8 del decreto legislativo 5 dicembre 2005, n. 252 (Disciplina delle forme
pensionistiche complementari), «nella parte in cui, stravolgendo lo spirito
complessivo della delega parlamentare con cui era stato previsto un meccanismo
di bilanciamento delle posizioni e dei poteri delle parti, a tutto danno
ingiustificato del lavoratore ha omesso di prevedere strumenti idonei a
garantire una adeguata, piena ed efficace tutela del diritto di quest’ultimo
all’adempimento dell’obbligo di contribuzione incombente sul datore di lavoro».
1.1.- In punto di rilevanza, il giudice a quo muove
dal presupposto che solo il lavoratore possa agire in giudizio nei confronti
del datore di lavoro che non corrisponda al fondo di previdenza complementare i
contributi e gli accantonamenti riguardanti il trattamento di fine rapporto
(TFR). Il legislatore avrebbe delineato «un rapporto trilaterale tra datore di
lavoro, lavoratore e Fondo, con conseguente litisconsorzio necessario fra le
tre parti».
Nel caso di specie, il lavoratore, con ricorso per
ingiunzione, avrebbe chiesto di condannare il datore di lavoro al versamento
delle quote di TFR al fondo di previdenza complementare. Il lavoratore non
avrebbe potuto rivendicare il pagamento in proprio favore del TFR, in quanto il
diritto sorgerebbe «soltanto al momento della cessazione del rapporto di
lavoro», e non avrebbe potuto agire neppure il fondo di previdenza
complementare, che la giurisprudenza reputa sprovvisto di «legittimazione
attiva».
Il rimettente espone di dovere respingere la domanda
monitoria, in ragione del litisconsorzio necessario tra lavoratore, datore di
lavoro e fondo. Nello speciale procedimento per ingiunzione, difatti, non si
potrebbe integrare il contraddittorio e, per altro verso, l’art. 81 del codice di procedura civile impedirebbe
di far valere in nome proprio «un diritto altrui, o un diritto anche altrui
(cioè, anche del Fondo), come nel caso di specie».

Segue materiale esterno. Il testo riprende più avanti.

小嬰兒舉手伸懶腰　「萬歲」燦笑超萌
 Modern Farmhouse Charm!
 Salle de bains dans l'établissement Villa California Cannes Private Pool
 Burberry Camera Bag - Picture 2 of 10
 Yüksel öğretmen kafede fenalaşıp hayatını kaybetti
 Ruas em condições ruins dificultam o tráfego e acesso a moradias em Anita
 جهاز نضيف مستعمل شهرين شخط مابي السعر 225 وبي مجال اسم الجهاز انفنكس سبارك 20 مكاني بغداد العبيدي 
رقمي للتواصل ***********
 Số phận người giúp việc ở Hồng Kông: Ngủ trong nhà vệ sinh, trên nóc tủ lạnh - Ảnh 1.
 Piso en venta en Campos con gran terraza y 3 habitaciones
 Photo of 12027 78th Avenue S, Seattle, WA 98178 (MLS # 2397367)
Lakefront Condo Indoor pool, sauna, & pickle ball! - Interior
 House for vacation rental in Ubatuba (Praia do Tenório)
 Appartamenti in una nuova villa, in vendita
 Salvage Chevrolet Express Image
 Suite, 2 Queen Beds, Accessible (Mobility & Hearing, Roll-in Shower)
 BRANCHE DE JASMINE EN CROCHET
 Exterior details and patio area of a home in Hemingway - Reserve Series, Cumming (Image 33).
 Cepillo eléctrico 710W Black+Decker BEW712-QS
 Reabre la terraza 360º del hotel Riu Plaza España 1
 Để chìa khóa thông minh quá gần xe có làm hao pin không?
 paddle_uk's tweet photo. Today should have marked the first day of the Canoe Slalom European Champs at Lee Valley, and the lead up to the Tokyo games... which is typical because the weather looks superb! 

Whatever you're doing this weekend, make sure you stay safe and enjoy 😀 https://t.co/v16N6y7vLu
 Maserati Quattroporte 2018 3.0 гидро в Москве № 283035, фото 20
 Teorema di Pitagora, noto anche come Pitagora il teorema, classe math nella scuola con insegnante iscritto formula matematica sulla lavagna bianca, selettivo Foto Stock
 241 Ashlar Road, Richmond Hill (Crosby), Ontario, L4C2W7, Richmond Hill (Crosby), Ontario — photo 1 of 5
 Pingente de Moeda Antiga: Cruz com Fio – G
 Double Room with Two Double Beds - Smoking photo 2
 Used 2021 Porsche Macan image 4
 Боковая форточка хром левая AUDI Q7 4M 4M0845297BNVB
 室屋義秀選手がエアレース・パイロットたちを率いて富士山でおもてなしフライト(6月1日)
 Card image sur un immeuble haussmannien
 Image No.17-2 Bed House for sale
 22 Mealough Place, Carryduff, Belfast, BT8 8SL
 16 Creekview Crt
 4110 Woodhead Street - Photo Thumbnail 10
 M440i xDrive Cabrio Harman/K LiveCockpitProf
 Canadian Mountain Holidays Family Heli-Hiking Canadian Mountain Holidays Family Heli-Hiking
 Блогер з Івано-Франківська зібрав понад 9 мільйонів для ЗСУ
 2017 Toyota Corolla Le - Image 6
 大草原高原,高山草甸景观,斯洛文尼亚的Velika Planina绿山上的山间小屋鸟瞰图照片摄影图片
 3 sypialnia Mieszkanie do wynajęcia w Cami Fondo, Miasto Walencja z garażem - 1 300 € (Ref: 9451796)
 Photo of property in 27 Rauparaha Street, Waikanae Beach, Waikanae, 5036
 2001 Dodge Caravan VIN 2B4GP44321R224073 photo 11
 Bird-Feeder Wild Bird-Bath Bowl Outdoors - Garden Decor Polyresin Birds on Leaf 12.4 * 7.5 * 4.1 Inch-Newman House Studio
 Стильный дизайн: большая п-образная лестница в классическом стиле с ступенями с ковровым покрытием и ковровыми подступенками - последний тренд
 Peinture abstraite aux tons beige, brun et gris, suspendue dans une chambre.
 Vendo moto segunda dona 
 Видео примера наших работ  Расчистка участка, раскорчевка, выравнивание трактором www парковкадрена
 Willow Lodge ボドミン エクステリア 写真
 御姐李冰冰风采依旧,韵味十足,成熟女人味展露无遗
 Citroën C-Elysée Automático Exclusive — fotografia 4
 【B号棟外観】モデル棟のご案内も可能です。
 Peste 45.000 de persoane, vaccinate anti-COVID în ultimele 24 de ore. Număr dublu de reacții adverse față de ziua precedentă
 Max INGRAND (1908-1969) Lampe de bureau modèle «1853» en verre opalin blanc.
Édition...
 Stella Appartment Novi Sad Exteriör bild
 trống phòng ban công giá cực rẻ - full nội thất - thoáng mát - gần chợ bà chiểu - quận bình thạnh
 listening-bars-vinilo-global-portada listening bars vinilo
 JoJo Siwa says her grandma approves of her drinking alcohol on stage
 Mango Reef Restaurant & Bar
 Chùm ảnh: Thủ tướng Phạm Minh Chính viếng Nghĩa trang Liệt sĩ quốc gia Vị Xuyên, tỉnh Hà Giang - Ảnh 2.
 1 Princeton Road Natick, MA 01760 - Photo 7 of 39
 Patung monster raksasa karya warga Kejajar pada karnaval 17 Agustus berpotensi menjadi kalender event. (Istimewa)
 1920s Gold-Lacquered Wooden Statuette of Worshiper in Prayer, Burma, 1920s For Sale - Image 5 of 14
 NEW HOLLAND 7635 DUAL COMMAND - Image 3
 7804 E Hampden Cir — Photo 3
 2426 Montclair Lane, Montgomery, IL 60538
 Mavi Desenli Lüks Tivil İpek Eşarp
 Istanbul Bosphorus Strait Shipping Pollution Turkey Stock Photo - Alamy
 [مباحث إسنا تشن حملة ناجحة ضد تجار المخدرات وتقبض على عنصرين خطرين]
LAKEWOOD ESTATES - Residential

1.2.- In merito alla non manifesta infondatezza
delle questioni, il rimettente osserva che la scelta di una diversa
interpretazione esporrebbe la decisione di accoglimento del ricorso a una
probabile riforma e che, tuttavia, la «pacifica interpretazione
giurisprudenziale» condurrebbe al rigetto della domanda e si risolverebbe «in
una denegata giustizia», in contrasto con molteplici princìpi costituzionali.
Secondo il giudice a quo, al lavoratore si dovrebbe
accordare la facoltà di ingiungere al datore di lavoro il pagamento del TFR
conferito a un fondo di previdenza complementare, «senza la necessità della
partecipazione al giudizio del Fondo medesimo», allorché il fondo non vanti «un
interesse meritevole di tutela a partecipare al giudizio».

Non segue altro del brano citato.